UUD 1945 Pasal 28F menyatakan bahwa Setiap orang berhak untuk berkomunikasi dan memperoleh informasi untuk mengembangkan pribadi dan lingkungan sosialnya, serta berhak untuk mencari, memperoleh, memiliki, menyimpan, mengolah, dan menyampaikan informasi dengan menggunakan segala jenis saluran yang tersedia. Kebebasan yang termaktub di dalam Pasal 28F ini dibatasi oleh Pasal 28J yang berbunyi (1) Setiap orang wajib menghormati hak asasi manusia orang lain dalam tertib kehidupan bermasyarakat, berbangsa, dan bernegara. (2) Dalam menjalankan hak dan kebebasannya, setiap orang wajib tunduk kepada pembatasan yang ditetapkan dengan undang-undang dengan maksud semata-mata untuk menjamin pengakuan serta penghormatan atas hak dan kebebasan orang lain dan untuk memenuhi tuntutan yang adil sesuai dengan pertimbangan moral, nilai-nilai agama, keamanan, dan ketertiban umum dalam suatu masyarakat demokratis.
Merujuk dari UUD 1945 Pasal di atas, pihak-pihak yang dipandang sudah tidak menghormati ketertiban dalam kehidupan bermasyarakat, ditambah tidak memperlihatkan hak dan kebebasan orang lain untuk memenuhi tuntutan yang adil sesuai dengan pertimbangan moral, nilai-nilai agama, keamanan, dan ketertiban umum, apakah tindakan “mereka”, yang sudah jelas merugikan, masih harus dilindungi dengan mengatas namakan “pencemaran nama baik”? Atas keputusan MA yang memutus bebas pada Prita bisa diterjemahkan sebagai implementasi yang tepat dari Pasal 28 dari UUD 1945.
Dari uraian di atas, kita Kembali pada judul tulisan “Benarkah UUD 1945 Pasal 28F Melindungi Pendapat Warga Negara Indonesia?” Maka jawabannya, YA UUD 1945 PASAL 28F terbukti mampu melindungi kebebasan berpendapat Warga Negara Indonesia. Permasalahannya… jaminan perlindungan atas kebebasan berpendapat itu tidak jatuh dari langit, tetapi harus diperjuangkan. Karena hak hukum dari pihak yang disentuh oleh pendapat kita pun dilindungi oleh undang-undang.
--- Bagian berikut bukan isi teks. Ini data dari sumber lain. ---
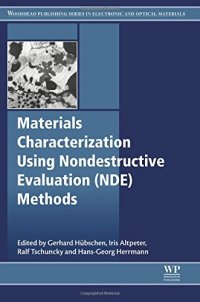 cover of the book Materials Characterization Using Nondestructive Evaluation (NDE) Methods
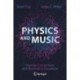 Physics and Music: Essential Connections and Illuminating Excursions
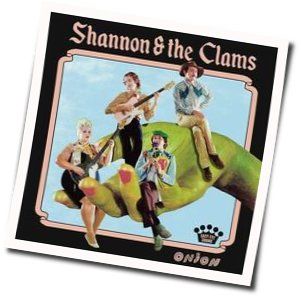 If You Could Know Chords by Shannon And The Clams
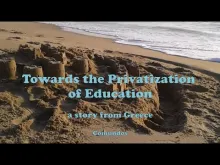 Embedded thumbnail for Towards the Privatization of Education: the case of Greece.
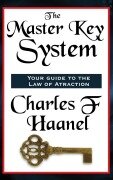 Cover-Bild zum Titel 'The Master Key System' von 'F. Haanel Charles'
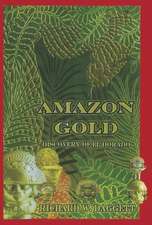 Amazon Gold: The Discovery Of El Dorado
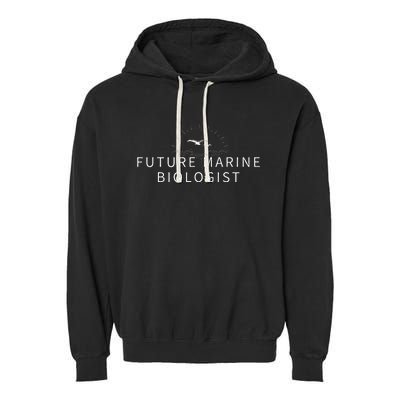 Future Marine Biologist Student Funny Biology Gift Garment-Dyed Fleece Hoodie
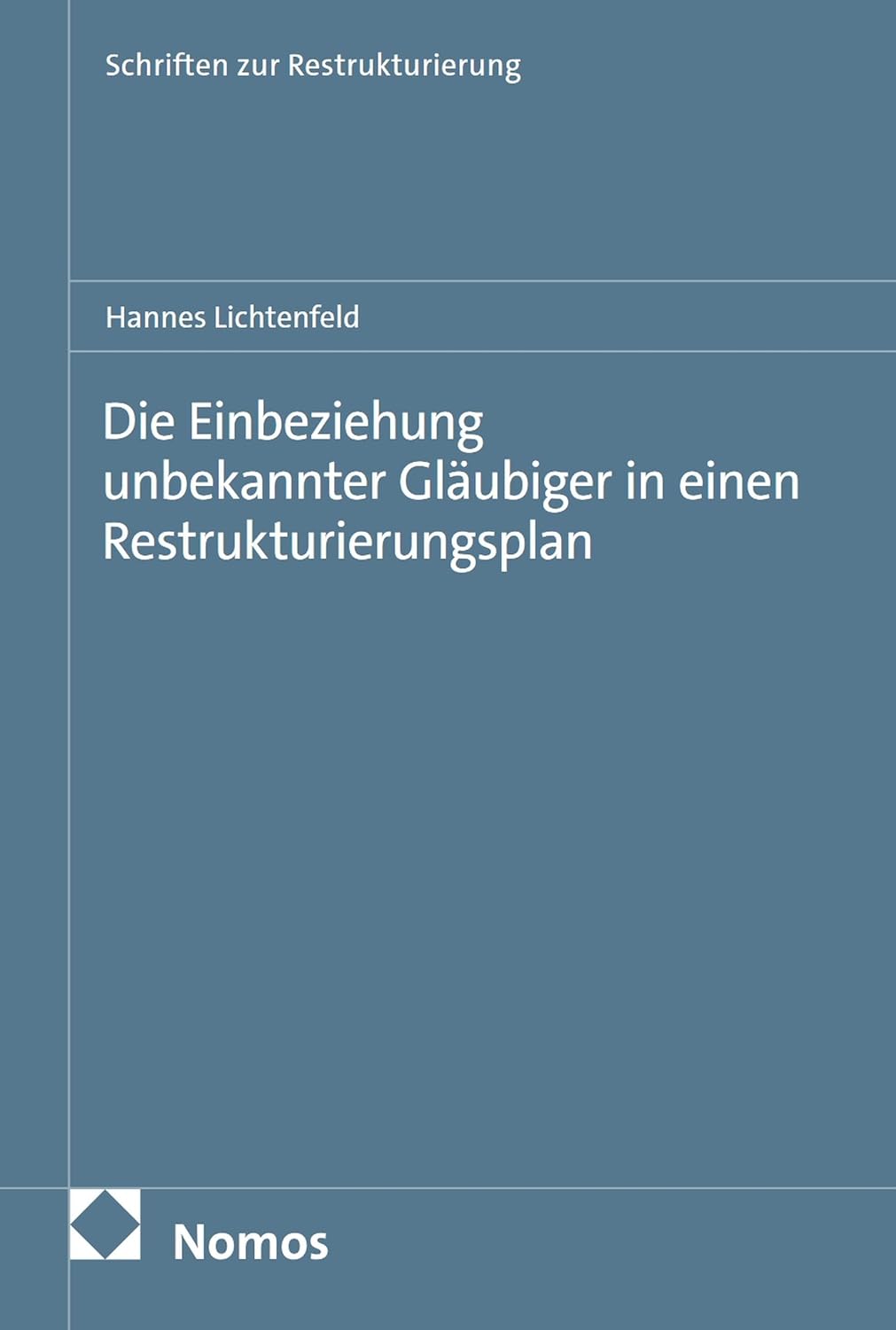 capítulo por capítulo baixar Die Einbeziehung unbekannter Gläubiger in einen Restrukturierungsplan (Schriften zur Restrukturierung 39) (German Edition)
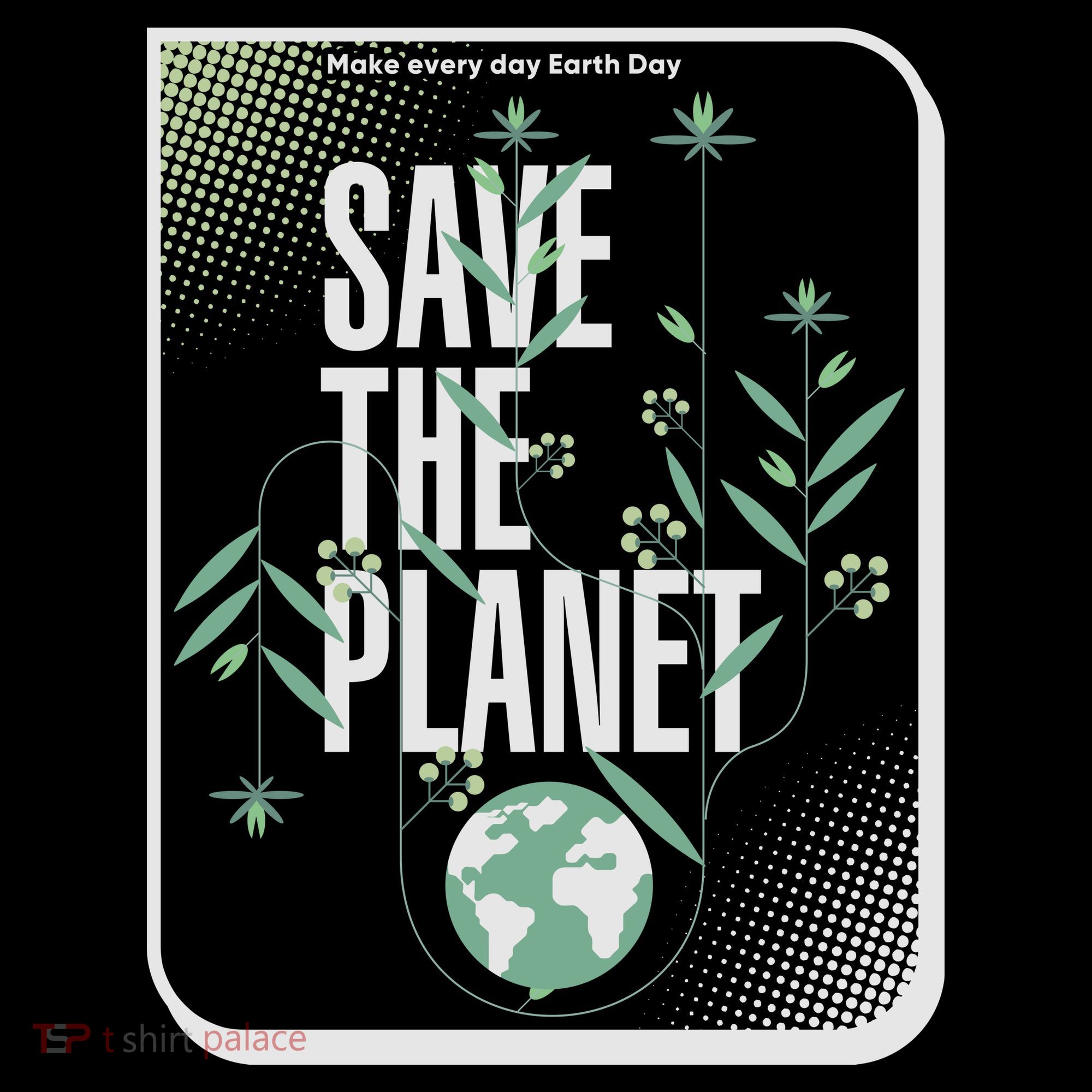 Save The Planet Make Every Day Earth Day Toddler Hoodie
Jadi, kalau kita mau beropini yang isi opininya menjurus ketuduhan, pilihannya hanya ada 2, yang keduanya memiliki resiko yang berbeda : Pertama, tidak menyebutkan nama dan identitas pihak yang kita maksudkan di dalam tulisan. Resiko dari pilihan ini adalah tuduhan “mengarang bebas” akan berbalik pada si penulis. Kedua, kita menyebutkan nama dan identitas pihak yang dimaksud, dengan keyakinan kita benar-benar sudah memiliki data, bukti dan fakta atas perbuatan yang mereka lakukan yang akan kita tuliskan. Resikonya, kita harus menghadapi penyangkalan dari pihak mereka di ranah pidana, seperti yang Prita dan saya alami.